A faithful repeat of all the records, with no image kept, is the required answer.

#### Data to process:
◇ ◇ ◇ ◇ ◇

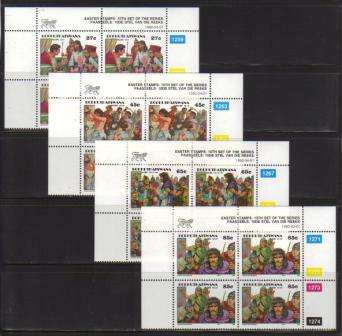 BOP 1992 EASTER SET OF 4 MNH CONTROL BLOCKS OF 4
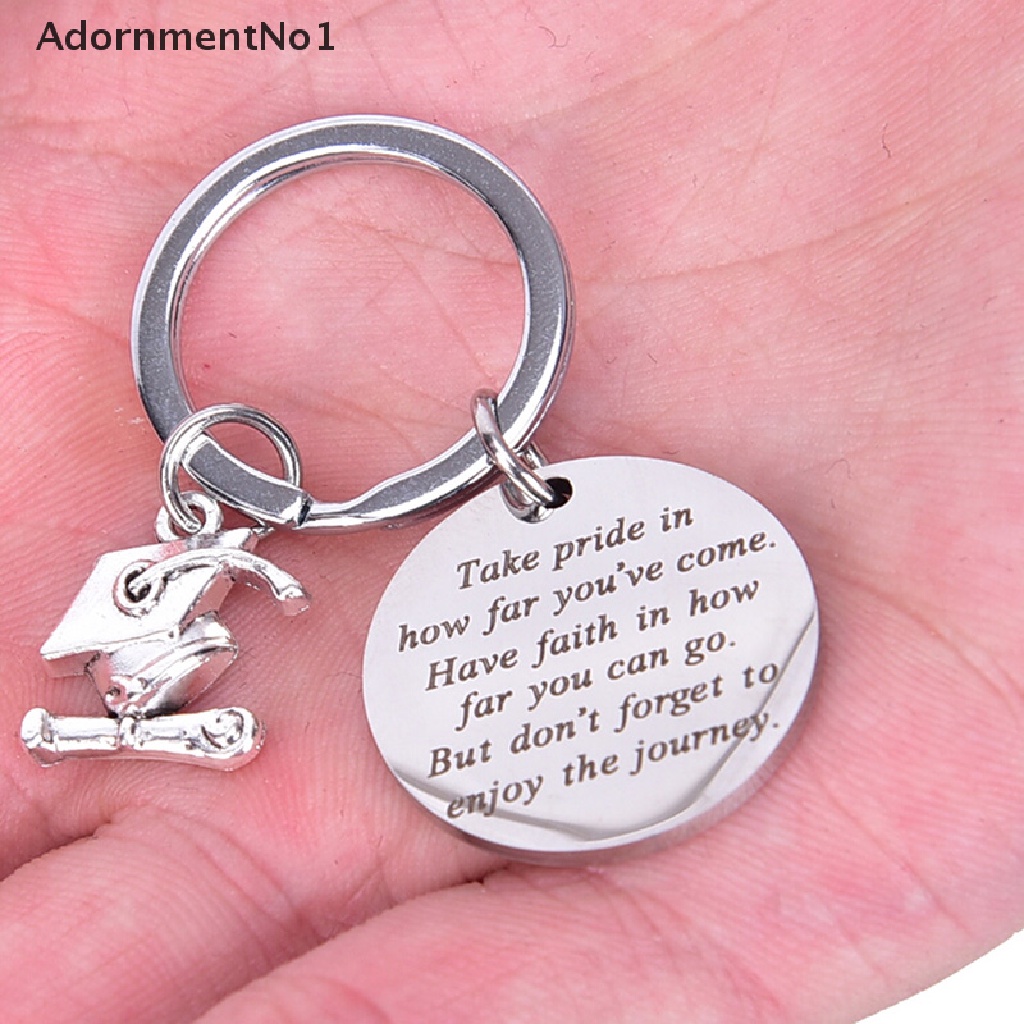 (AdornmentNo1) Gantungan Kunci Stainless Steel Motif Graduate in Pride Untuk Hadiah Kelulusan 2019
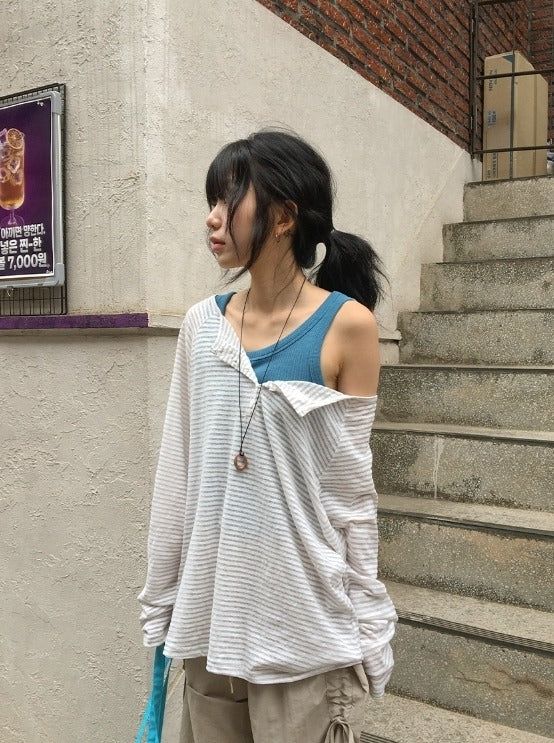 BAON（バオン）の「Dre Stripe Summer Button Off-Shoulder Long Sleeve Tee（Tops）」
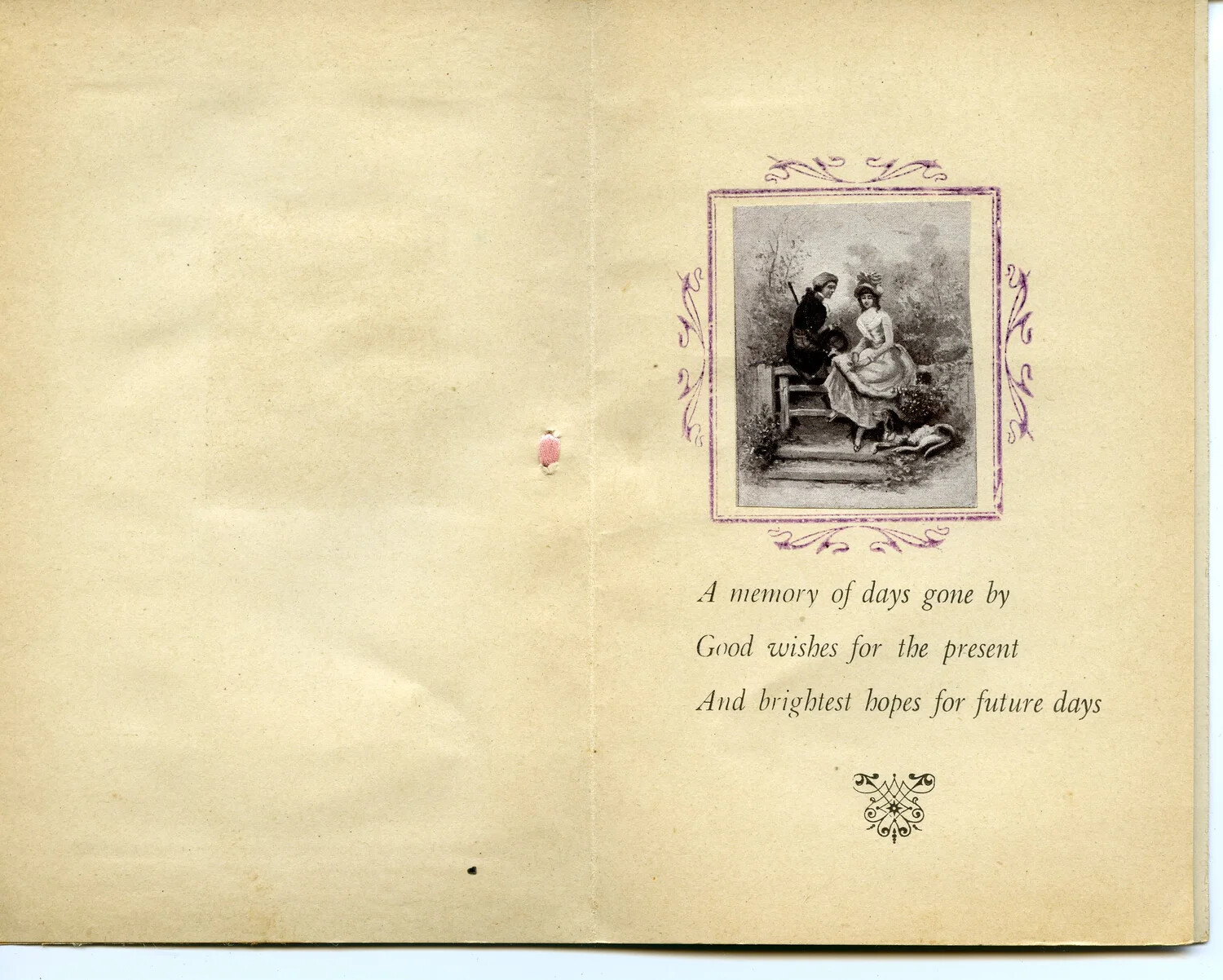 Interior Page of Sentimental Greeting Card, WWI Wagener Family Correspondence (November 1918)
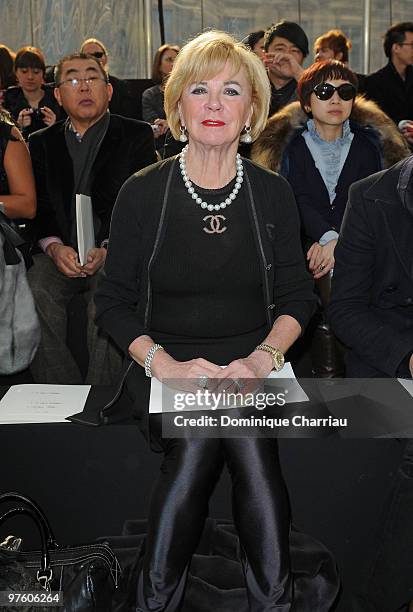 Bertelsmann Chairwoman Liz Mohn attends the Louis Vuitton Ready to Wear show as part of the Paris Womenswear Fashion Week Fall/Winter 2011 at Cour...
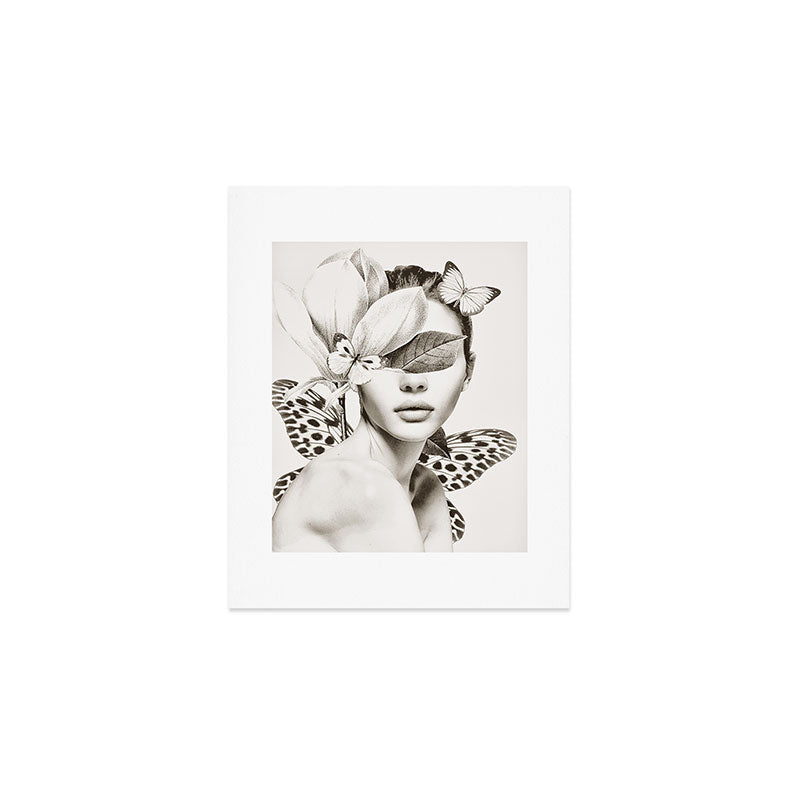 PORTRAIT /Woman with flower and butterflies Art Print Gallery Image 1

◇ ◇ ◇ ◇ ◇

#### Expected output:
 BOP 1992 EASTER SET OF 4 MNH CONTROL BLOCKS OF 4
 (AdornmentNo1) Gantungan Kunci Stainless Steel Motif Graduate in Pride Untuk Hadiah Kelulusan 2019
 BAON（バオン）の「Dre Stripe Summer Button Off-Shoulder Long Sleeve Tee（Tops）」
 Interior Page of Sentimental Greeting Card, WWI Wagener Family Correspondence (November 1918)
 Bertelsmann Chairwoman Liz Mohn attends the Louis Vuitton Ready to Wear show as part of the Paris Womenswear Fashion Week Fall/Winter 2011 at Cour...
 PORTRAIT /Woman with flower and butterflies Art Print Gallery Image 1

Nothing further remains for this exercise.